From c3385db0de2af74a9d3b7c8a3be22acf15a4dc37 Mon Sep 17 00:00:00 2001
From: Zhihan <zhihanj@nvidia.com>
Date: Wed, 10 Jan 2024 10:18:57 -0800
Subject: [PATCH 3/3] Remove low-latency constraints for Llama2; remove ban on
 paged attention;

---
 inference_rules.adoc | 6 +++---
 1 file changed, 3 insertions(+), 3 deletions(-)

diff --git a/inference_rules.adoc b/inference_rules.adoc
index ae3c952..2052d92 100644
--- a/inference_rules.adoc
+++ b/inference_rules.adoc
@@ -251,8 +251,8 @@ The Datacenter suite includes the following benchmarks:
 |Vision |Medical image segmentation |3D UNET |KiTS 2019 | 42 | 99% of FP32 and 99.9% of FP32 (0.86330 mean DICE score) | N/A
 |Speech |Speech-to-text |RNNT |Librispeech dev-clean (samples < 15 seconds) | 2513 | 99% of FP32 (1 - WER, where WER=7.452253714852645%) | 1000 ms
 |Language |Language processing |BERT |SQuAD v1.1 (max_seq_len=384) | 10833 | 99% of FP32 and 99.9% of FP32 (f1_score=90.874%) | 130 ms
-|Language |Summarization |GPT-J |CNN Dailymail (v3.0.0, max_seq_len=2048) | 13368 | 99% of FP32 and 99.9% of FP32 (rouge1=42.9865, rouge2=20.1235, rougeL=29.9881). Additionally, for both cases the generation length should be more than 90% of the reference (gen_len=4016878)| 20 s
-|Language |Question Answering |Llama2 |OpenOrca (GPT-4 split, max_seq_len=1024) | 24576 | 99% of FP32 and 99.9% of FP32 (rouge1=43.88, rouge2=21.7108, rougeL=28.2502). Additionally, for both cases the generation length should be more than 90% of the reference (gen_len=28124112)| TTFT/TPOTfootnote:[For Llama2, 2 latency metrics are collected - time to first token (TTFT) which measures the latency of the first token, and time per output token (TPOT) which measures the average interval between all the tokens generated.]: 2000 ms/200 ms for conversationalfootnote:llamalatency[For Llama2, there are 2 latency contraints: conversational and near real-time. The user can choose either (or both) of the contraints, and report the achieved performance number.]; 500 ms/50 ms for near real-timefootnote:llamalatency[]
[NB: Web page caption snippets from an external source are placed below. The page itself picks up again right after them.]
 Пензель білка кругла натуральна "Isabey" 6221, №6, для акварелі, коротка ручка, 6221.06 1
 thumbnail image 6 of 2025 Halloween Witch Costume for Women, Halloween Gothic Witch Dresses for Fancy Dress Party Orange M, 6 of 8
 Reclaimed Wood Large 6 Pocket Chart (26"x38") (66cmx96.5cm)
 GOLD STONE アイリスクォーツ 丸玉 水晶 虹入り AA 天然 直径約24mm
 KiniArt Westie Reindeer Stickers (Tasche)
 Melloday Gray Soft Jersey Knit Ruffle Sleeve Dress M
+|Language |Summarization |GPT-J |CNN Dailymail (v3.0.0, max_seq_len=2048) | 13368 | 99% of FP32 and 99.9% of FP32 (rouge1=42.9865, rouge2=20.1235, rougeL=29.9881). Additionally, for both cases the total generation length of the texts should be more than 90% of the reference (gen_len=4016878)| 20 s
+|Language |Question Answering |Llama2 |OpenOrca (GPT-4 split, max_seq_len=1024) | 24576 | 99% of FP32 and 99.9% of FP32 (rouge1=43.88, rouge2=21.7108, rougeL=28.2502). Additionally, for both cases the generation length of the tokens per sample should be more than 90% of the reference (tokens_per_sample=293.3)| TTFT/TPOTfootnote:[For Llama2, 2 latency metrics are collected - time to first token (TTFT) which measures the latency of the first token, and time per output token (TPOT) which measures the average interval between all the tokens generated.]: 2000 ms/200 ms
 |Commerce |Recommendation |DLRMv2 |Synthetic Multihot Criteo Dataset | 204800 |99% of FP32 and 99.9% of FP32 (AUC=80.31%) | 60 ms
 |===
 
@@ -877,7 +877,7 @@ A: The entries of the KV-cache should be handled in the same way as the activati
 
 Q: How does query batching affect the KV-cache usage?
 
-A: The size of the KV-cache is determined by the batch size. The KV-cache size can also be cached across queries, in accordance with the rule of allowing caching of sizes and shapes. Other than batching and quantization rules (that apply to activations), alternative attention mechanisms (such as paged, multi-query, sparse, group query attention, etc.) or wholesale replacement of the reference KV-cache execution are not permitted.
+A: The size of the KV-cache is determined by the batch size. The KV-cache size can also be cached across queries, in accordance with the rule of allowing caching of sizes and shapes.
 
 Q: Is it allowed to apply continuous batching (or dynamic batching) for auto-generative benchmarks?